● Material for this task:
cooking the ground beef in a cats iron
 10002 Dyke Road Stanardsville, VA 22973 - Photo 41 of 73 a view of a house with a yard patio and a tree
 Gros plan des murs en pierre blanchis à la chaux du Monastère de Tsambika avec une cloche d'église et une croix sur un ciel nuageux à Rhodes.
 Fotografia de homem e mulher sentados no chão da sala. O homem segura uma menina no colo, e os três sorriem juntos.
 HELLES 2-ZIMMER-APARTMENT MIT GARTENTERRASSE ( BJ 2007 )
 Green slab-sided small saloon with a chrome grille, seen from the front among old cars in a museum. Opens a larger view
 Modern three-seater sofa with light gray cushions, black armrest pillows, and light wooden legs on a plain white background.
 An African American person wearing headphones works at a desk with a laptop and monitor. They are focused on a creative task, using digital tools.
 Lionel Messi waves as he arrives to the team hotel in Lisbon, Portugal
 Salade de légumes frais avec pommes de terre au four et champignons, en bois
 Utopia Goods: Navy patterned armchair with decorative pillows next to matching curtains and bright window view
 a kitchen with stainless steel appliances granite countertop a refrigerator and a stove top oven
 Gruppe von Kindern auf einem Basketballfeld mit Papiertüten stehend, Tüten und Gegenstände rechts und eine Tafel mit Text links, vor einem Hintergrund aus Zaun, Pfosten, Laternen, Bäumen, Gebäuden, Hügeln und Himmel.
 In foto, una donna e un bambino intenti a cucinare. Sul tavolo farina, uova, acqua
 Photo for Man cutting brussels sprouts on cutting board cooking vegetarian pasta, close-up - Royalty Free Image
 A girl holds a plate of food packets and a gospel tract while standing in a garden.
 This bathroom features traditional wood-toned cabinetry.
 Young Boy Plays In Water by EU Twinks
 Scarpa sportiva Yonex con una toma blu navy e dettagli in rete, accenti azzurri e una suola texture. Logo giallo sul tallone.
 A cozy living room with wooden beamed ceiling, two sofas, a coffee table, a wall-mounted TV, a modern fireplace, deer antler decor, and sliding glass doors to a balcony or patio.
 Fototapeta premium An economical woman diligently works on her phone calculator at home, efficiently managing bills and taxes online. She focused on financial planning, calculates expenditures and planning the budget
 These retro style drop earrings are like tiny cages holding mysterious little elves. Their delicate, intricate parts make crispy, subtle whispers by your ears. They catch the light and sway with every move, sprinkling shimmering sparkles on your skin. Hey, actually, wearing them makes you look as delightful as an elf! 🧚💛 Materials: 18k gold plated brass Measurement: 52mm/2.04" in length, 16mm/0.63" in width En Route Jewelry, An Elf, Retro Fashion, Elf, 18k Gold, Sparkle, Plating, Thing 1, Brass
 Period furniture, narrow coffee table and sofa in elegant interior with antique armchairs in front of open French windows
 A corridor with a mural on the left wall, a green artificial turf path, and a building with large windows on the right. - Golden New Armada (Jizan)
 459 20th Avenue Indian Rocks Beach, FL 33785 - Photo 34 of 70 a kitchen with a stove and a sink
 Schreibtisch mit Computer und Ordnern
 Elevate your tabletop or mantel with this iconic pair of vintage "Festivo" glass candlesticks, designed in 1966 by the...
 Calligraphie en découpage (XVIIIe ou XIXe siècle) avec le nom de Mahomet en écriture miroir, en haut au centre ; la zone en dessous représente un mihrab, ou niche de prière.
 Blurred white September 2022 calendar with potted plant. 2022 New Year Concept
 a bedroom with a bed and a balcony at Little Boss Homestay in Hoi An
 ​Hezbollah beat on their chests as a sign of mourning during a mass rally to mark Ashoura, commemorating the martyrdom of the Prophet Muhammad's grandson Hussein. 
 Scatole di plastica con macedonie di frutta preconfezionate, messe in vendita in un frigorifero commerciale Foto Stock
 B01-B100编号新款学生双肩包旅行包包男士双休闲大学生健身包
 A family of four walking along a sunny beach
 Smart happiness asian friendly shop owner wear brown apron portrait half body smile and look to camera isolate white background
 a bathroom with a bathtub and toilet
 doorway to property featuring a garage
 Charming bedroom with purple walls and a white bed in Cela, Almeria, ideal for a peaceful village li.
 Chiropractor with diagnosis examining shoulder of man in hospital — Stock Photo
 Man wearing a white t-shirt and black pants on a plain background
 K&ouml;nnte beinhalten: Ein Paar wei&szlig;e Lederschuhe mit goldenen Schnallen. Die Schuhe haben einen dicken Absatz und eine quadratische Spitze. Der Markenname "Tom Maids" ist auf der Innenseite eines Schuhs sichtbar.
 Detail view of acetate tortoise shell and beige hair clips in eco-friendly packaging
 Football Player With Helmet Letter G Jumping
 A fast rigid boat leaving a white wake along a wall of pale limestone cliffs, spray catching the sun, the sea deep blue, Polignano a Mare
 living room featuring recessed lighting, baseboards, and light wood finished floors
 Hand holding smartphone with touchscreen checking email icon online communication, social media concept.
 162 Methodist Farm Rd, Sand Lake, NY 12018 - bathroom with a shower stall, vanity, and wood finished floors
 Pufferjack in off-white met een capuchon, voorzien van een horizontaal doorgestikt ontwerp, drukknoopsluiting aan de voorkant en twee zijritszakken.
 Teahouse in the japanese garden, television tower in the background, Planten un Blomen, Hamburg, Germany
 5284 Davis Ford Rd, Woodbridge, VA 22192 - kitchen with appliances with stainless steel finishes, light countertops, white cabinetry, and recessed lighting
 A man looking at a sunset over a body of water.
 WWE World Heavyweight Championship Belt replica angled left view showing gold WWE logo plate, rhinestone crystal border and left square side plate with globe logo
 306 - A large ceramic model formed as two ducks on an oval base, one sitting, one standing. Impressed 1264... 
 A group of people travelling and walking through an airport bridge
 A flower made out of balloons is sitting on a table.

● What you will do:
Copy out every line from the data above that has "appliances" in it.

● Exercise response:
 a kitchen with stainless steel appliances granite countertop a refrigerator and a stove top oven
 5284 Davis Ford Rd, Woodbridge, VA 22192 - kitchen with appliances with stainless steel finishes, light countertops, white cabinetry, and recessed lighting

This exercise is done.